Authorities are very strict about implementing court orders and defaulting on court-ordered payments can land a person in serious legal trouble. Child support arrears can lead to jail time for the defaulting parent. There are various ways authorities ensure enforcement of court-ordered child support payments.
A parent may be going through a financial crisis, which may be the reason for delinquent child support payments. Likewise, the parent may have filed for bankruptcy under federal bankruptcy laws. However, this does not mean that he or she will be spared from facing legal consequences for delinquent child support payments. Filing for bankruptcy automatically and temporarily halts recovery of delinquent payments. However, the temporary stay in payment responsibility will not help the parent in arrears get a new passport or renew a passport after expiration.

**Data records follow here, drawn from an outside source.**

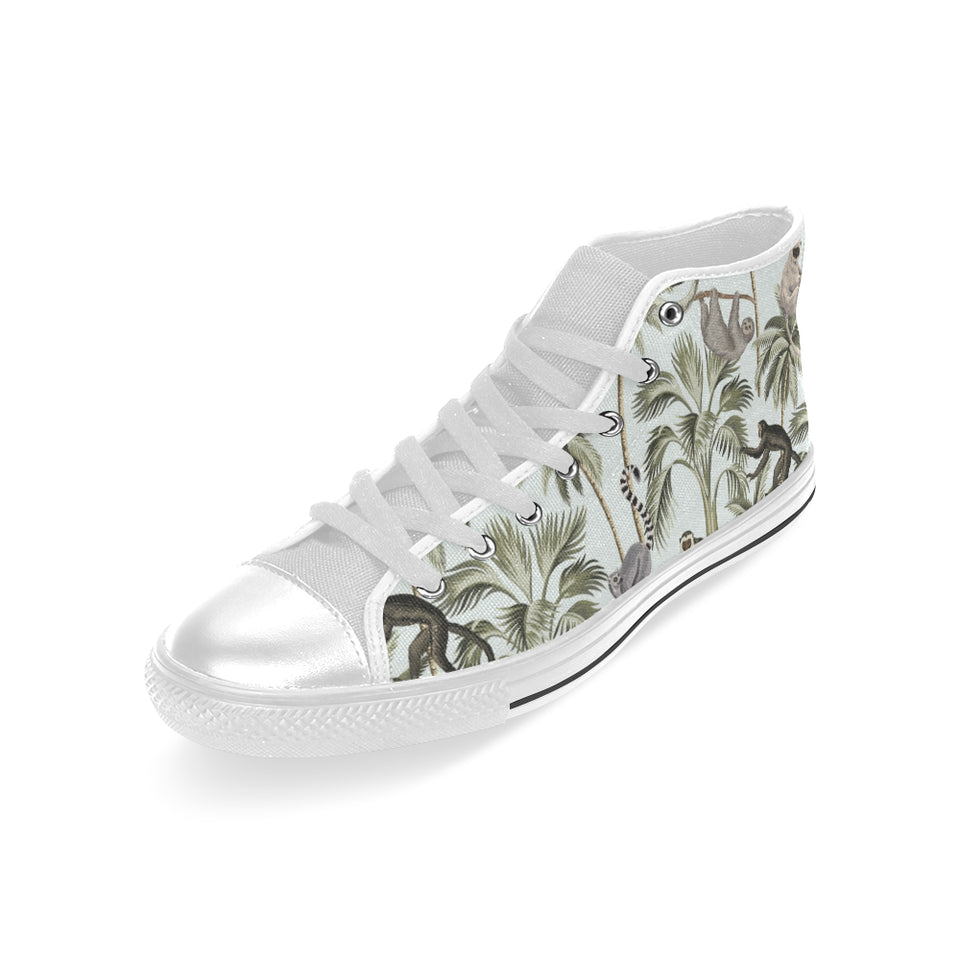 Monkey sloth lemur palm trees pattern Men's High Top Canvas Shoes White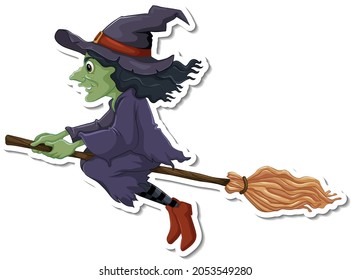 An old witch flying with broom cartoon character sticker illustration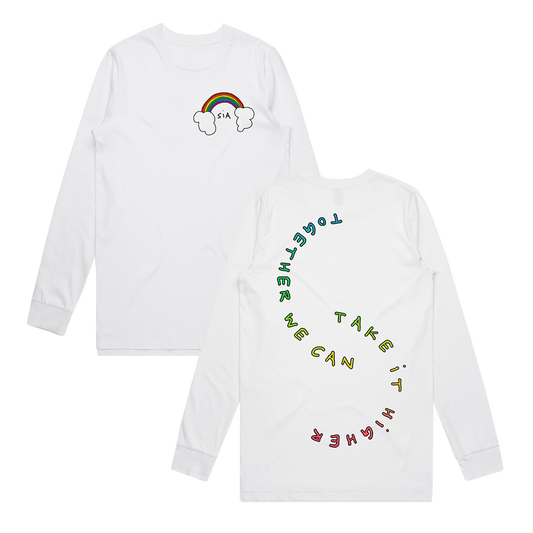 White long-sleeved t-shirt with rainbow graphics and text.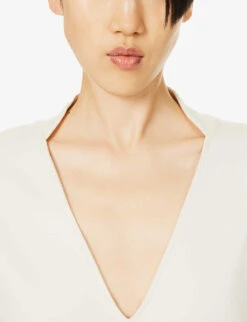 V-neckline Relaxed-fit Cotton T-shirt -Sweaty Bety Clothing Shop R04189016 IVORY ALT04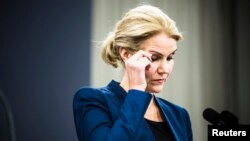 PM Denmark Helle Thorning-Schmidt memberikan keterangan pers di Kopenhagen (15/2).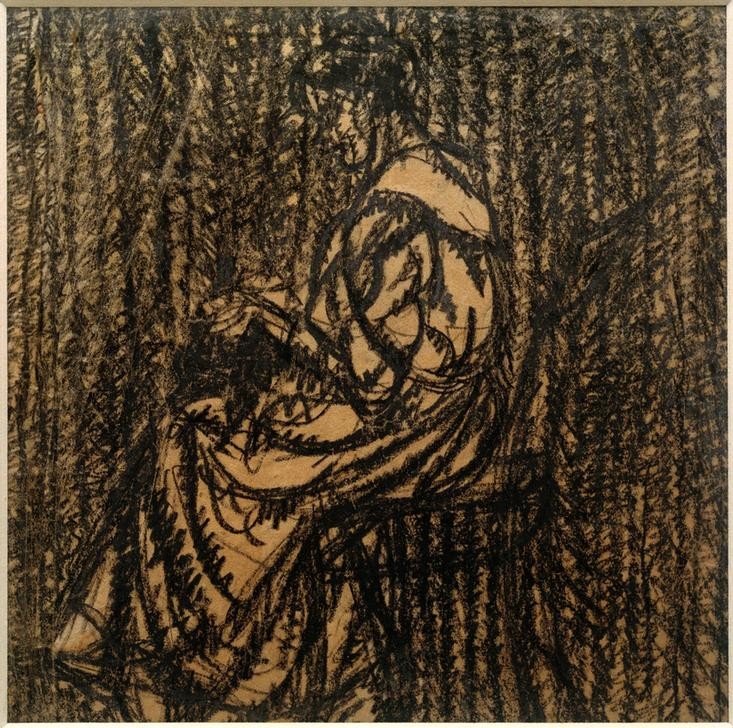 Laszlo Moholy-Nagy, Ohne Titel (Frau bei der Handarbeit) (Frau,Handarbeit,Kunst,Portrait,Ungarische Kunst,Profil,Sitzen)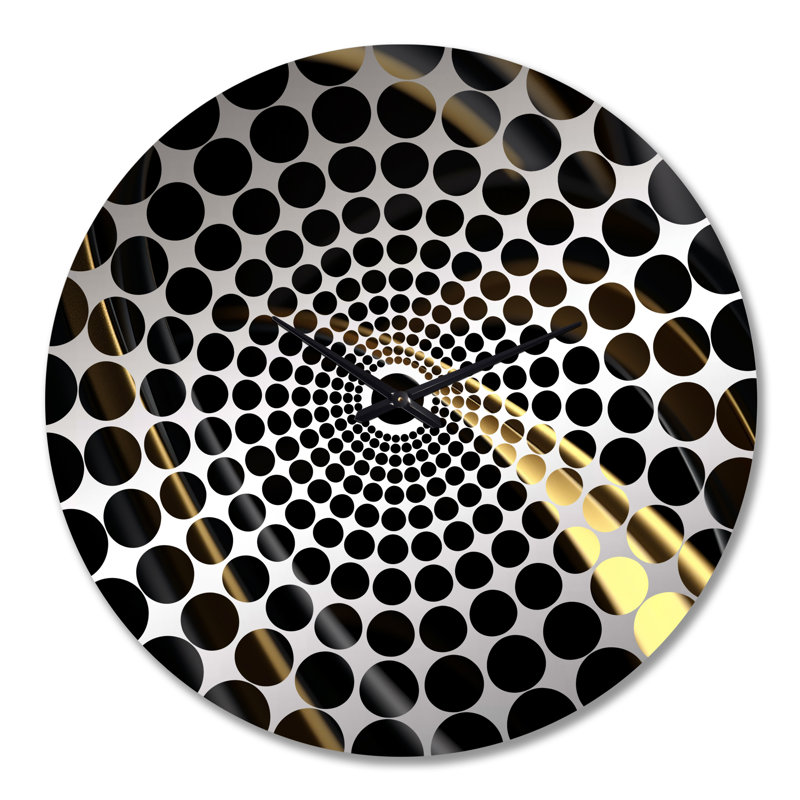 Horloge murale or et noir surréels II - Fractals, Très grand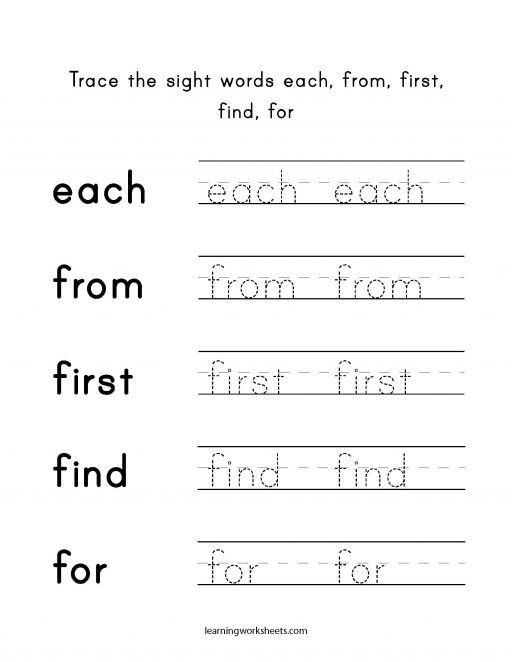 Trace the sight words each from first find for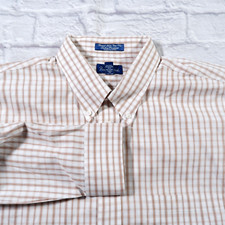 Paul Fredrick Brown Plaid BDC Cotton Long Sleeve Mens Dres Shirt 17.5 33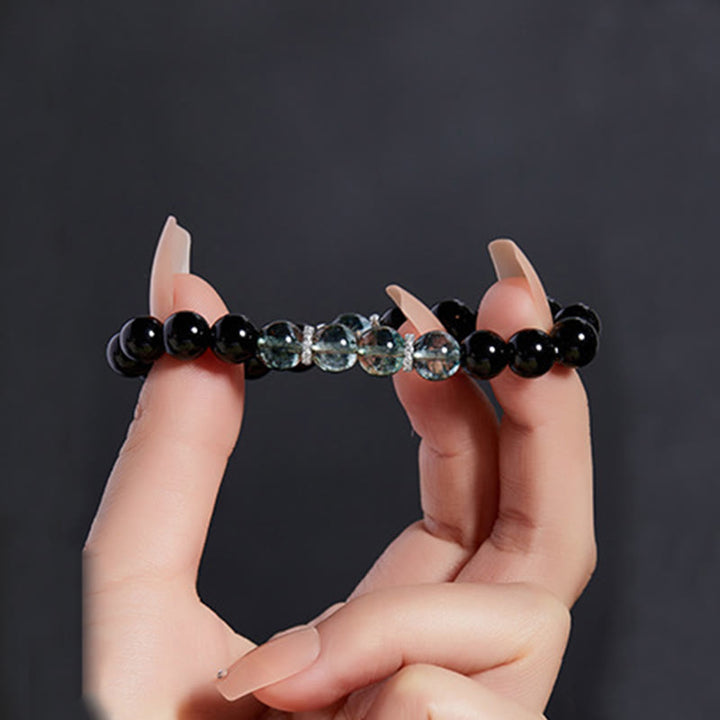 Buddha Stones925スターリングシルバー ブラックオブシディアン グリーンファントム強さブレスレット - image 7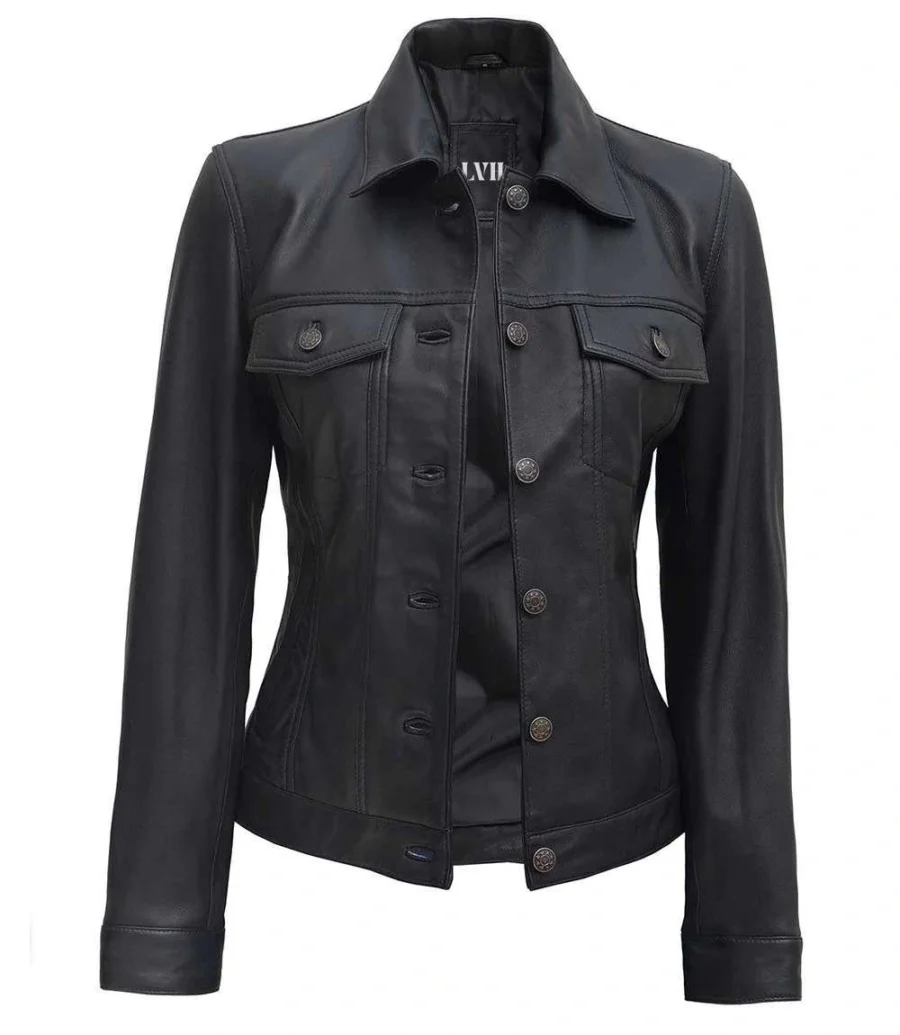 Women Black Vegan Trucker Leather Jacket front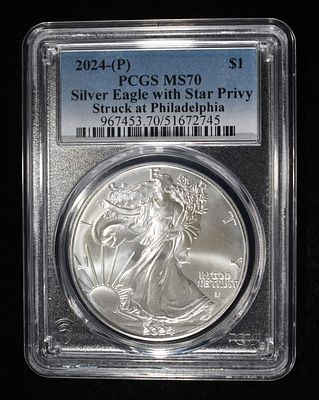 2024-P AMERICAN SILVER EAGLE PCGS MS70. STAR PRIVY ESTIMATE $300 - $400.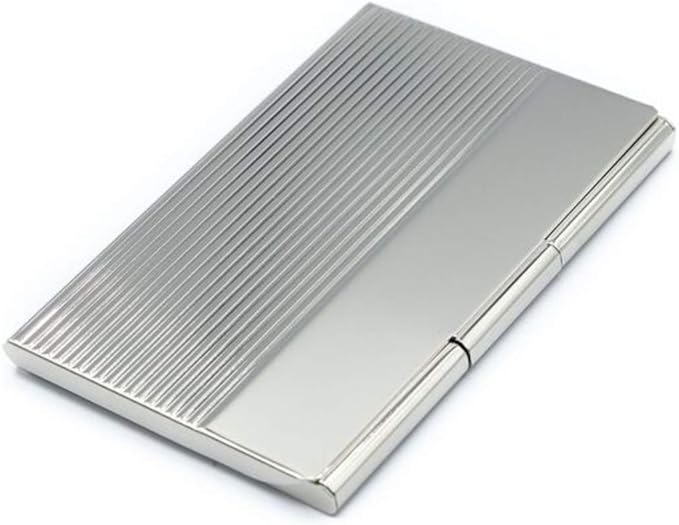 Business Card Carrying Case Luxurious Chrome Silver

A state child support agency will keep sending a passport denial request to the Federal Office of Child Support Enforcement, which will forward these requests to the U.S. Department of State, even after a bankruptcy filing. Because a U.S. passport is not the property of the debtor, it would not be subject to automatic stay provisions.
According to Department of State regulations, a U.S. passport remains the property of the U.S. government at all times and it has to be returned to the government upon demand. The regulations also say that a passport will not be issued to a person if the Secretary of State determines or is informed by the authorities that the person seeking a passport has child support arrears.